Sparks and colleague David Gruber, a research associate at the Museum and a biology professor at Baruch College, previously identified more than 180 new species of fishes that biofluoresce. Although this ability is now well documented in tropical fishes that live in regions where there is an even amount of daylight year-round, it was unknown how prolonged periods of darkness in the Arctic might affect fish biofluorescence.

In Greenland, Sparks and Gruber found very little marine fluorescence, even among groups of fishes that glow brightly in tropical and temperate regions.

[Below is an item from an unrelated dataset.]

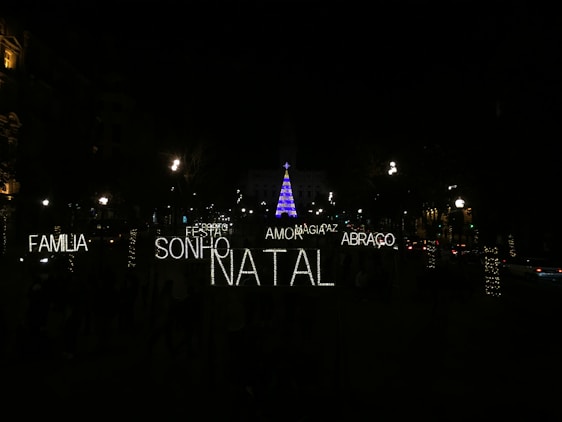 A nighttime scene featuring festive illuminated words in Portuguese such as 'FAMILIA', 'SONHO', 'NATAL', 'AMOR', 'ABRACO', 'PAZ', and 'MAGIA'. In the background, a tall Christmas tree is adorned with blue and purple lights, surrounded by a dark environment with several streetlights and decorated trees visible.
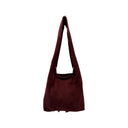 SAC A MAIN EN CUIR CLOUTÉ OR - MODÈLE "ALEXA"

But there was an exception: two juvenile specimens of variegated snailfish (Liparis gibbus), the first species shown to biofluoresce in the Arctic.

“Finding a red and green biofluorescent snailfish on a dive among icebergs at night felt like a moment straight from The Life Aquatic with Steve Zissou,” Gruber said. 

In addition, the authors report red biofluorescence from an adult kelp snailfish (L. tunicatus) collected in the Bering Strait off of Little Diomede Island, Alaska, which was scanned by colleagues at NOAA Fisheries Service.

In the seven years since Sparks and Gruber first reported widespread biofluorescence in fishes, it has been found in a number of new lineages, but its exact function remains a mystery.

“We are now focusing our efforts on determining the function of fluorescence in various fish groups, including catsharks, where we have shown that bright green fluorescence enhances contrast in their pigmentation pattern, making it easier for individuals to see each other at depth,” Sparks said.